Former Olympian Sharon Firth returned home to Inuvik last week to speak to students at Samuel Hearne Senior secondary school about career choices. Here, she hoists up two handfuls of medals she won during her skiing career. - Terry Halifax/NNSL photo |
A star-studded cast of speakers met with the students at Samuel Hearne Senior secondary school on Thursday to share their experiences.
The morning speakers included Roger Allen, MLA for Inuvik Twin Lakes, and Inuvialuit Regional Corporation CEO Nellie Cournoyea while in the afternoon the gymnasium was packed for another group of home town heroes.
Commissioner Glenna Hansen attended school at Samuel Hearne and she reminded the students that good career choices are made very early.

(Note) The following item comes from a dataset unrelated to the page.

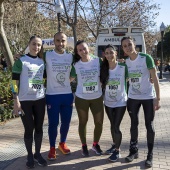 VII Marcha contra el cáncer en Castelló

"I did a little bit of walking the halls here and I skipped a few classes and I had a good time while I was in school," Hansen said.
"Some of the choices I made were positive, some were negative, but nevertheless, here I am, the commissioner of the Northwest Territories."
Floyd Roland, MLA for Inuvik Boot Lake, said that opportunity abounds for those willing to take some chances and apply some effort.
"I started as a tradesperson and here I am now as MLA, so things can change, but we need to make the right choices when these opportunities arise," he said.
Inuvik Mayor Peter Clarkson reminded the students that good decisions now will provide many more opportunities for the future.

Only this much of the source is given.